__RECORDS TO USE__:

□ □ □ □

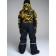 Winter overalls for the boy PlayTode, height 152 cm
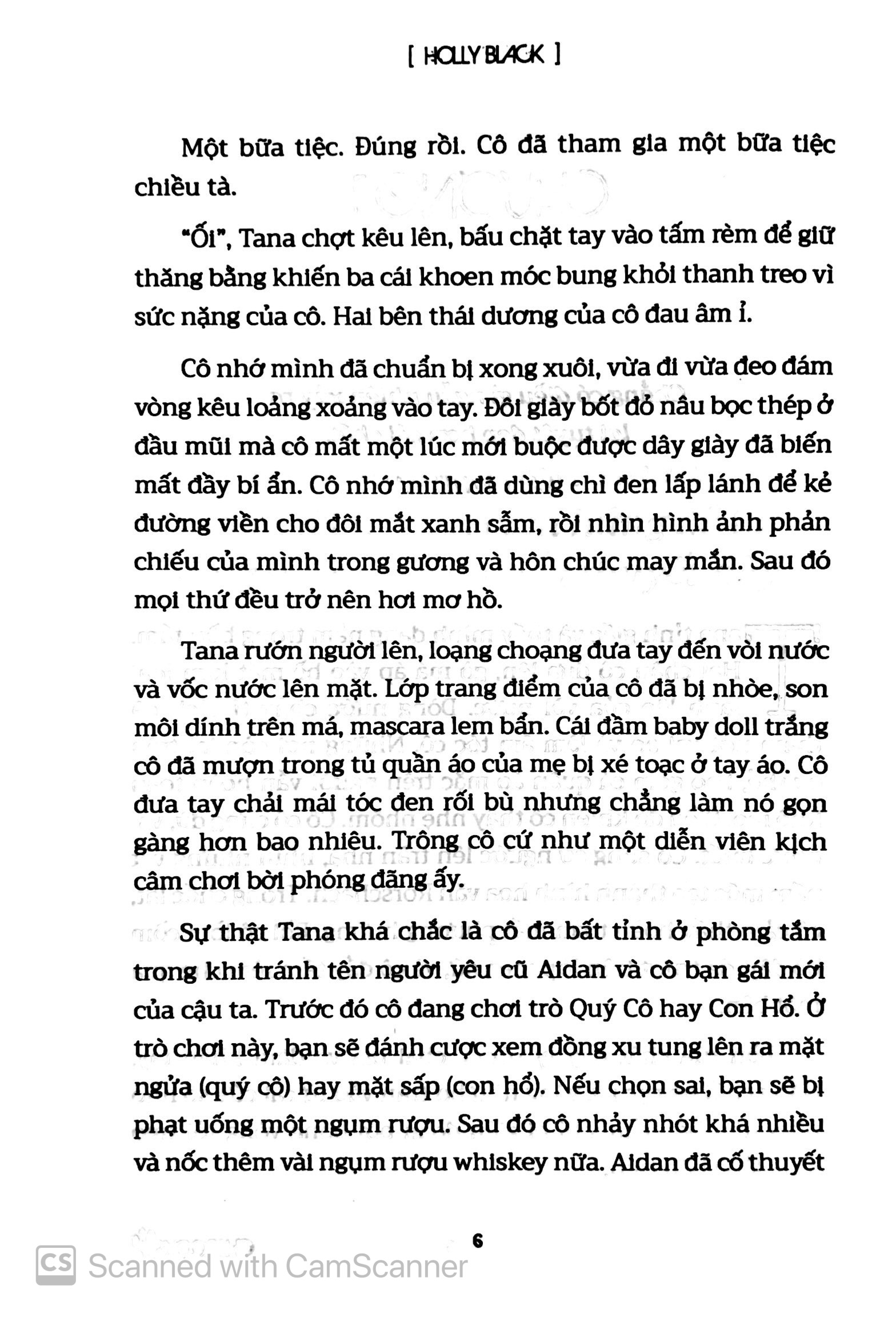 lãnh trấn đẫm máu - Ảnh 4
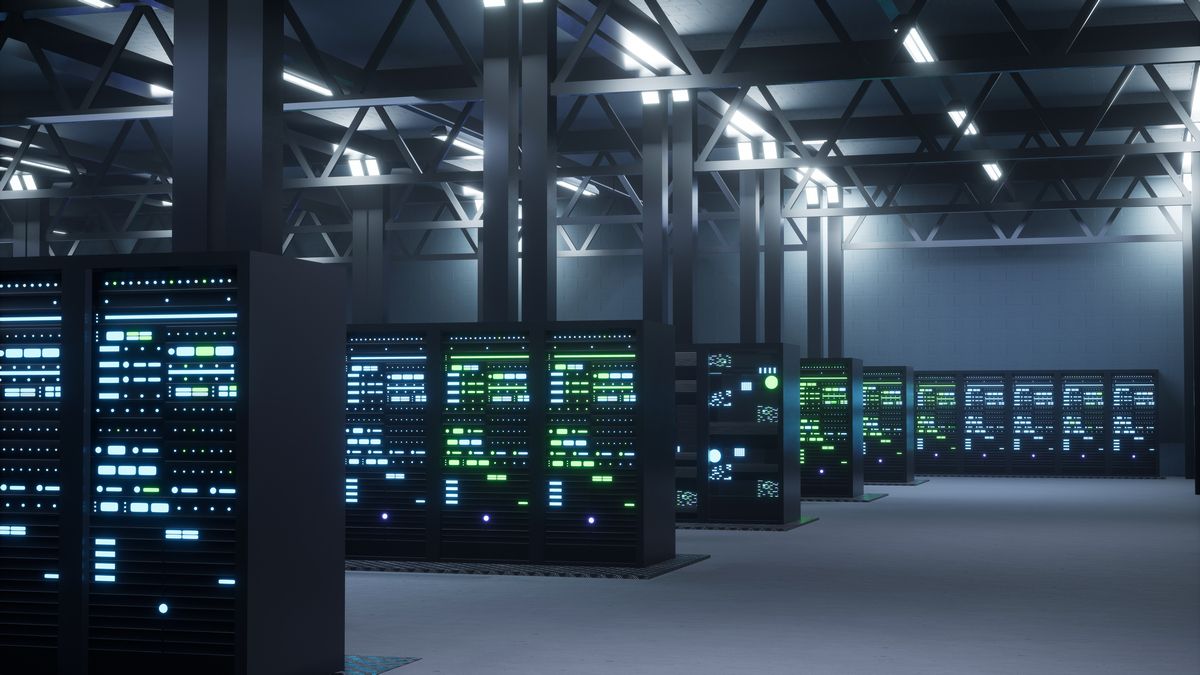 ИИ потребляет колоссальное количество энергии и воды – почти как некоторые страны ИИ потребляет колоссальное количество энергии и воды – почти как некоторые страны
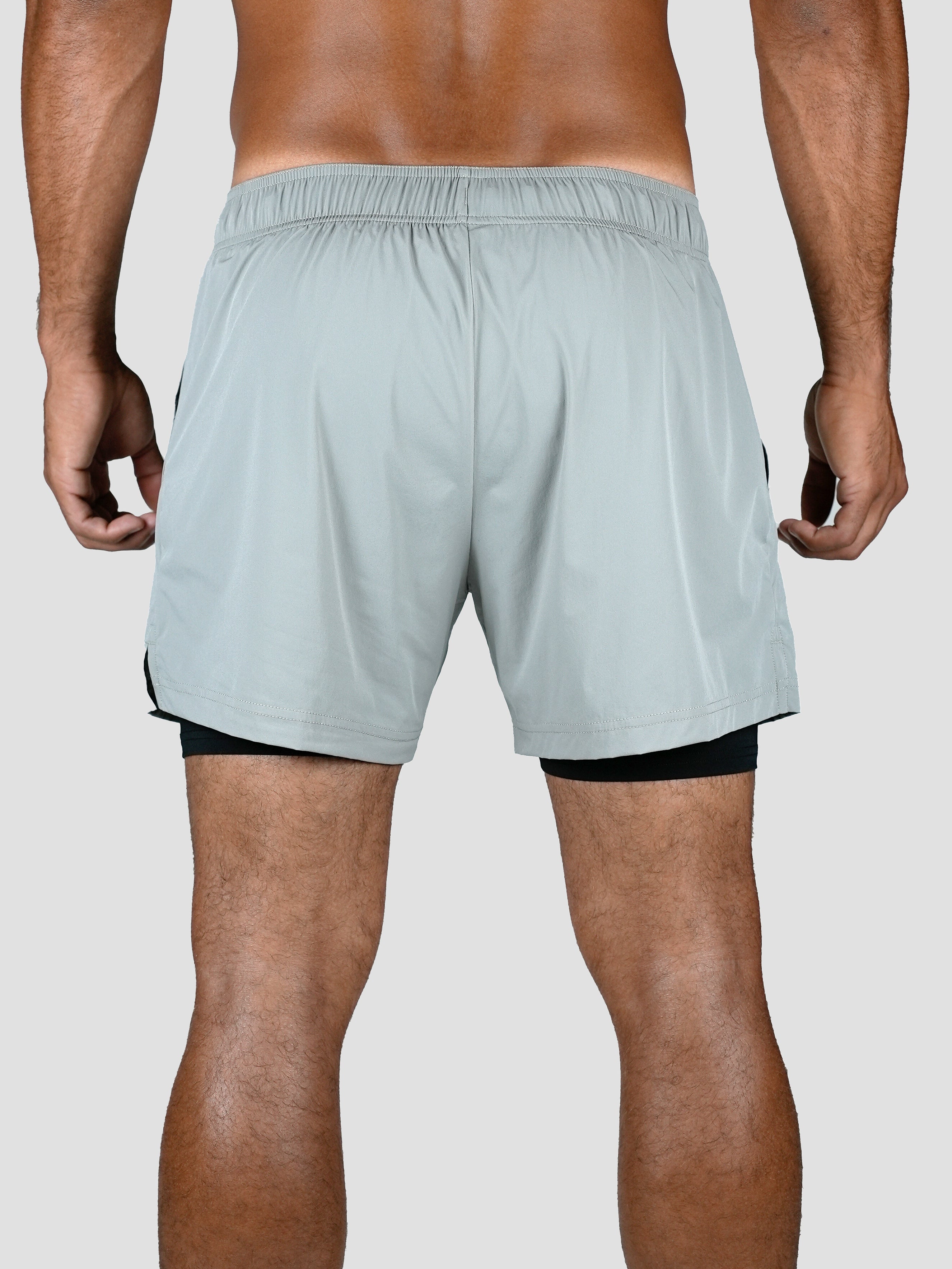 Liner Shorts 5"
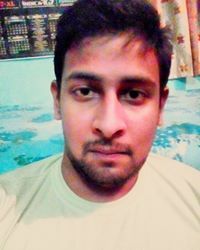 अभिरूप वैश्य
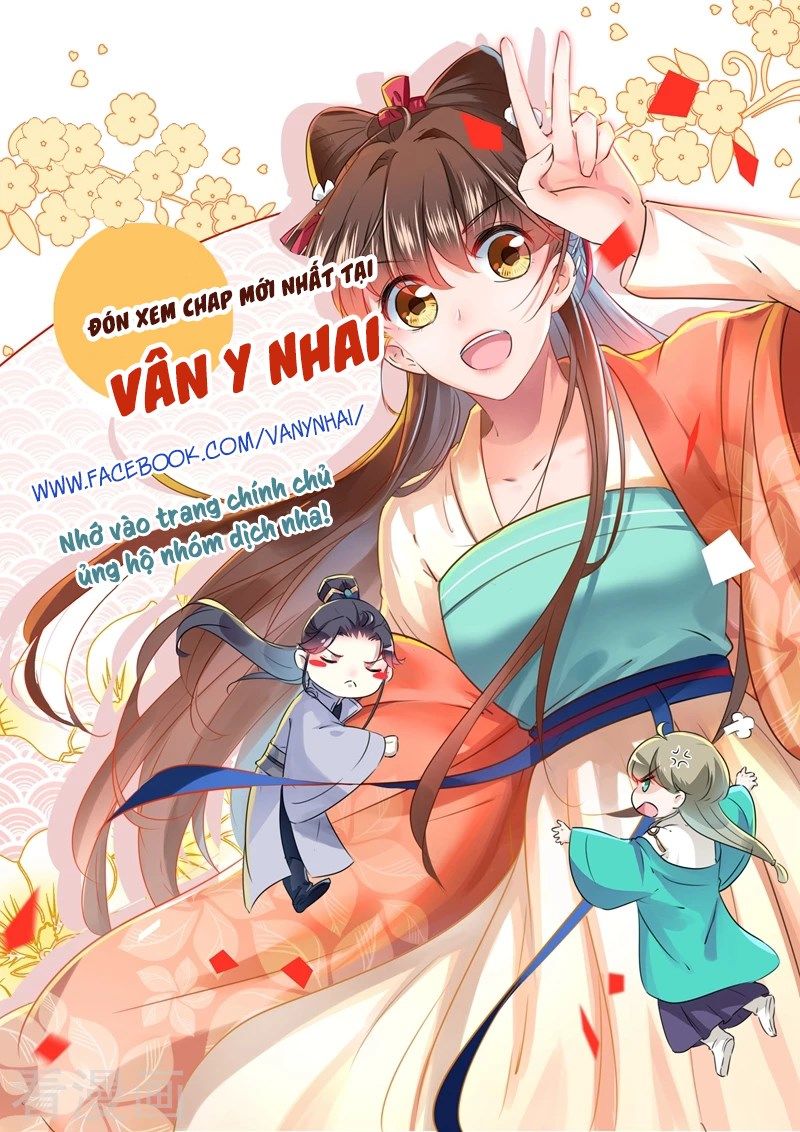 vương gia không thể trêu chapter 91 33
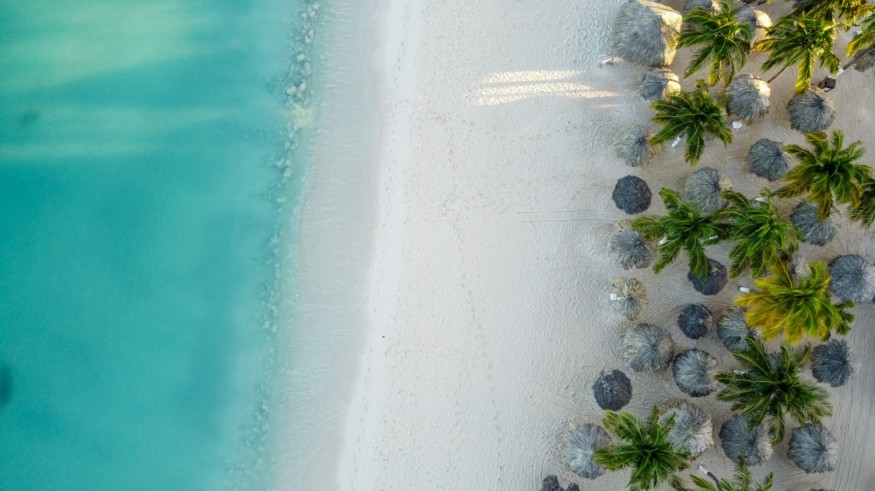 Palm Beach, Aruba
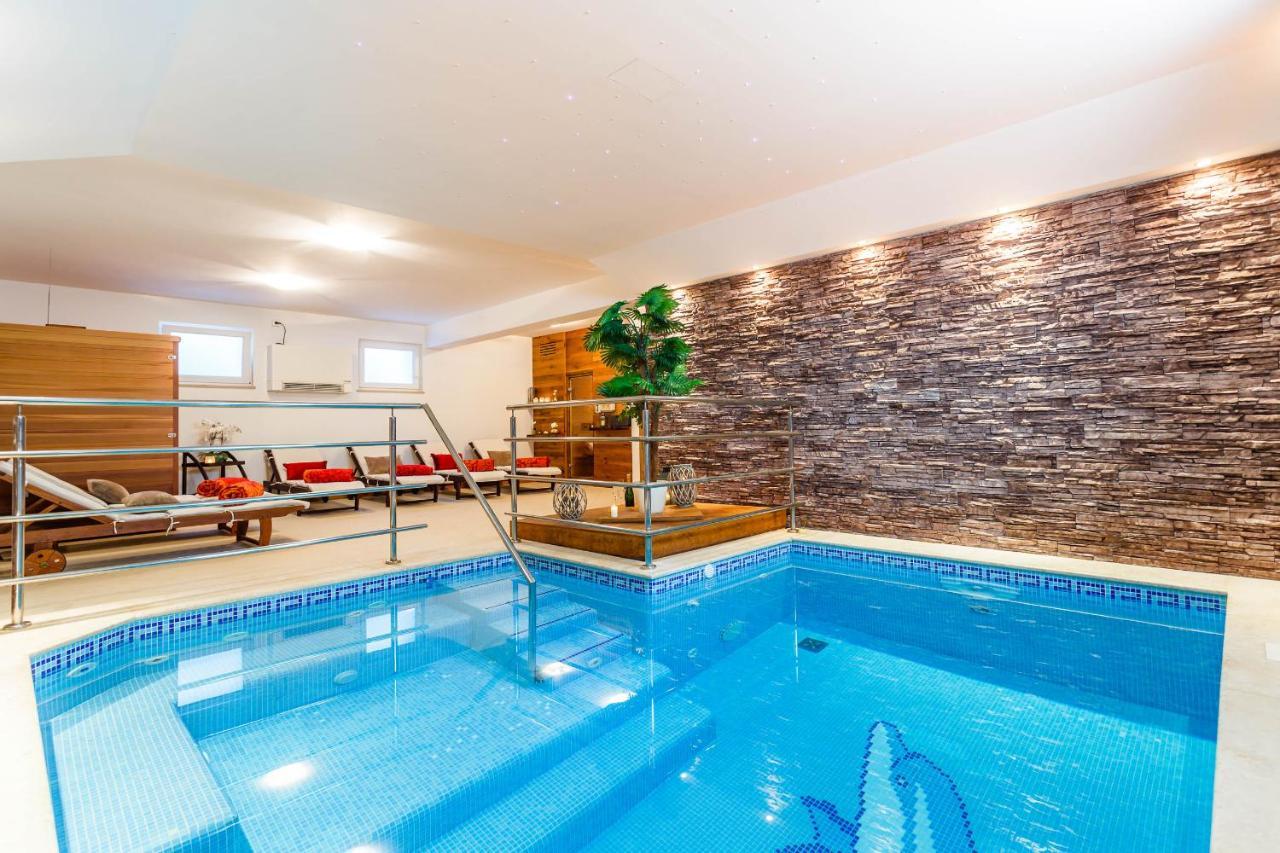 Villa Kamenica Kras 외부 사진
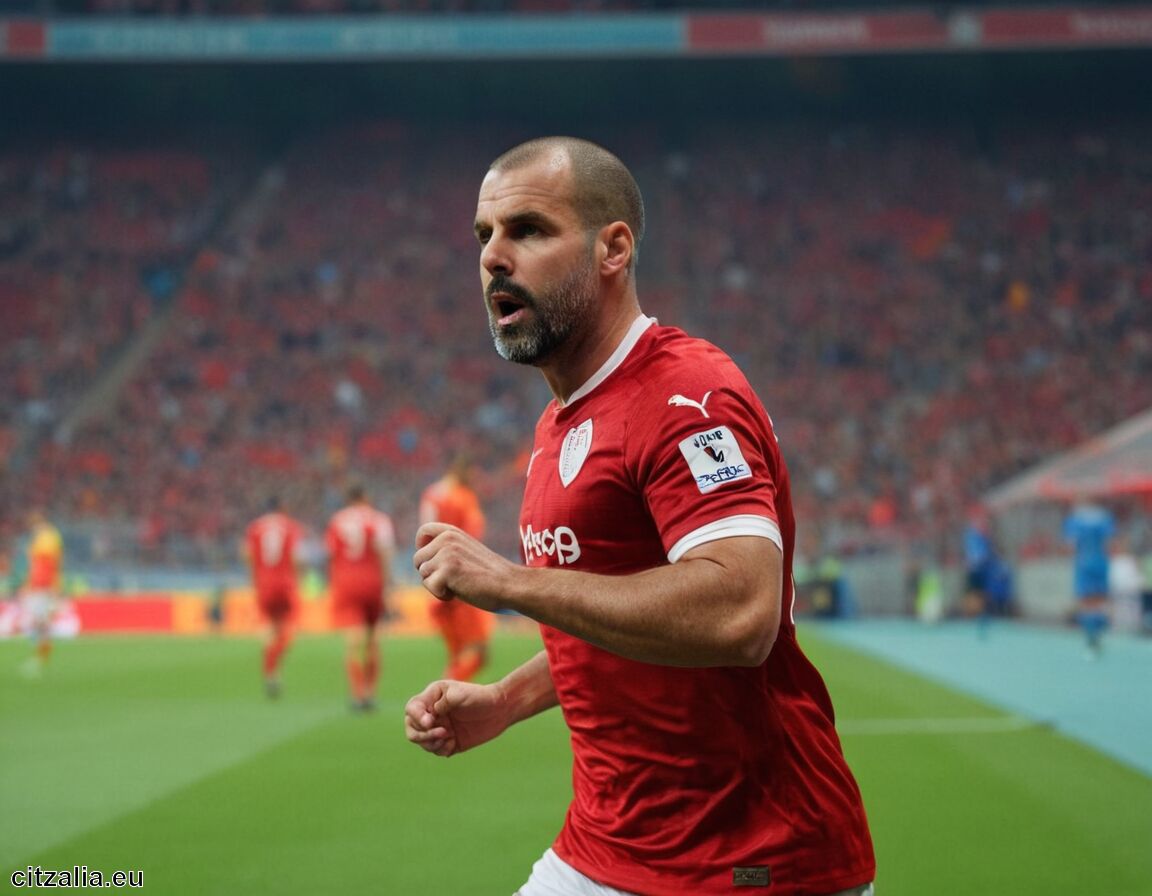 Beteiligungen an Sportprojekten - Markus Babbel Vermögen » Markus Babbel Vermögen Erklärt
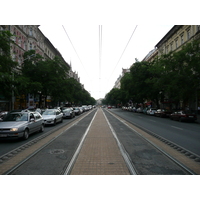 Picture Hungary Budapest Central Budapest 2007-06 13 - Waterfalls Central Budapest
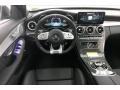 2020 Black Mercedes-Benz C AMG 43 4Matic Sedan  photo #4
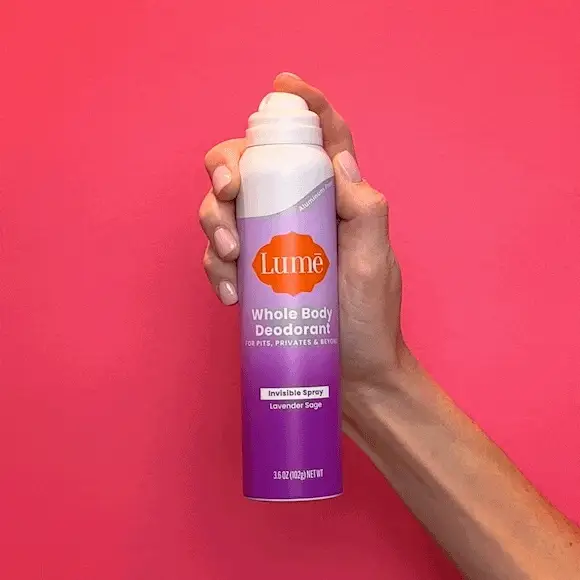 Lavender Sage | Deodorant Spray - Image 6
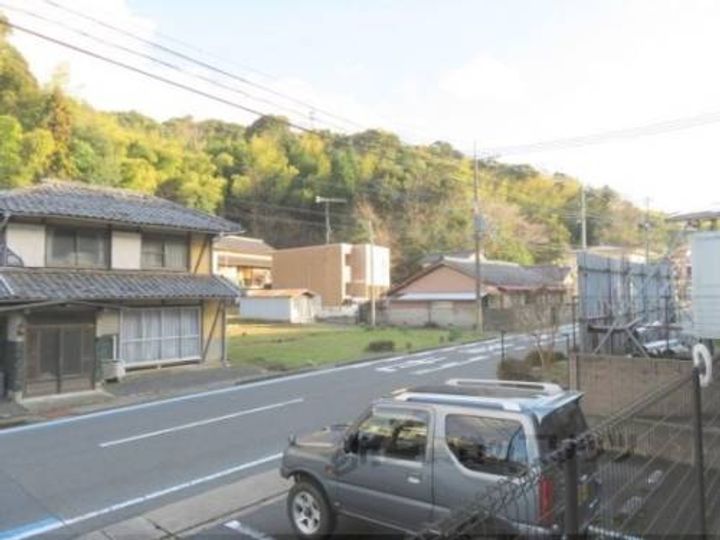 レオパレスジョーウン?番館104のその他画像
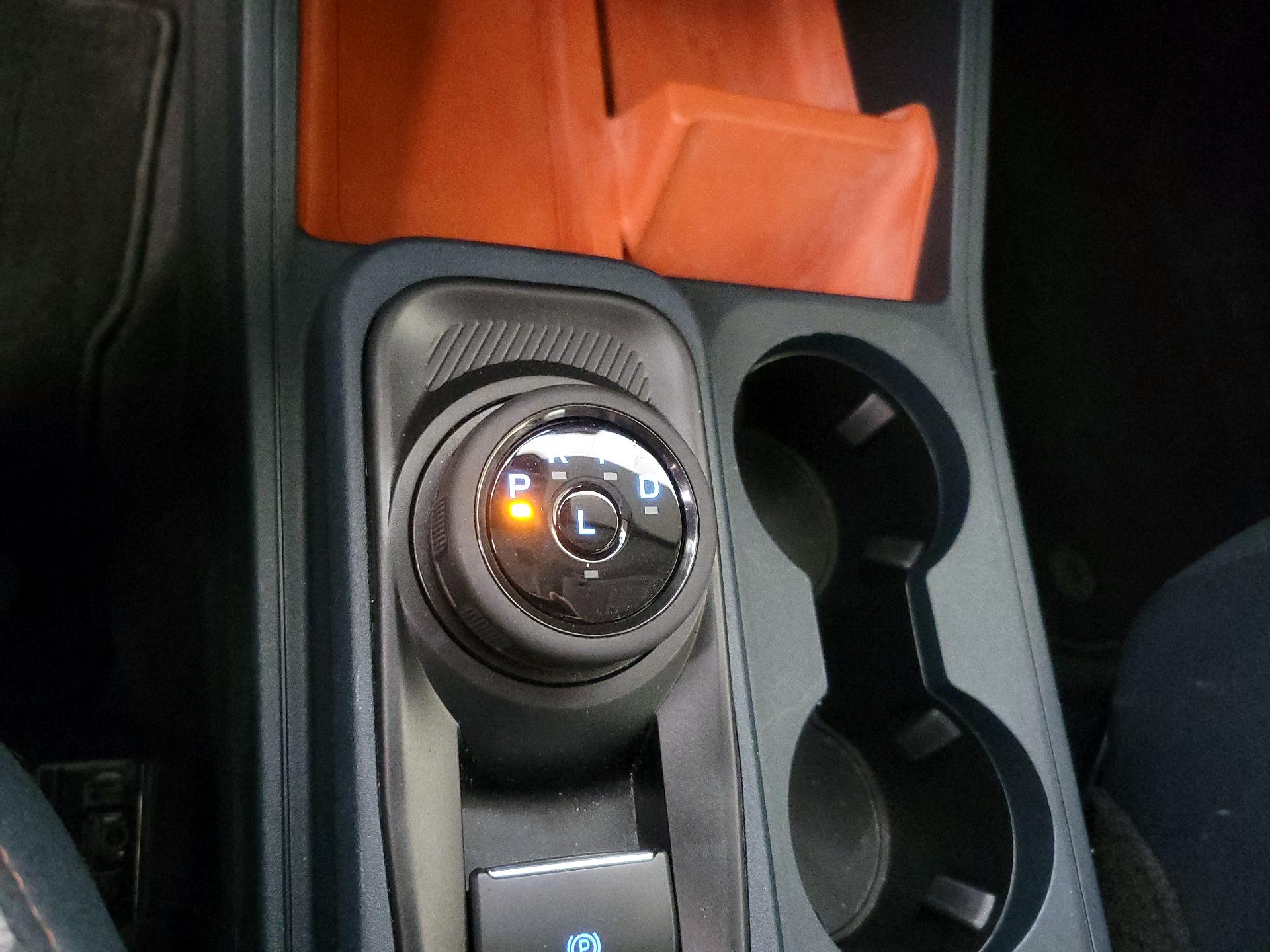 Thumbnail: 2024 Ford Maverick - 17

□ □ □ □

Lines from the one that contains "レオパレスジョーウン?番館104のその他画像" to the final line of the material are the whole answer. Reproduce them word for word and skip the pictures.

 レオパレスジョーウン?番館104のその他画像
 Thumbnail: 2024 Ford Maverick - 17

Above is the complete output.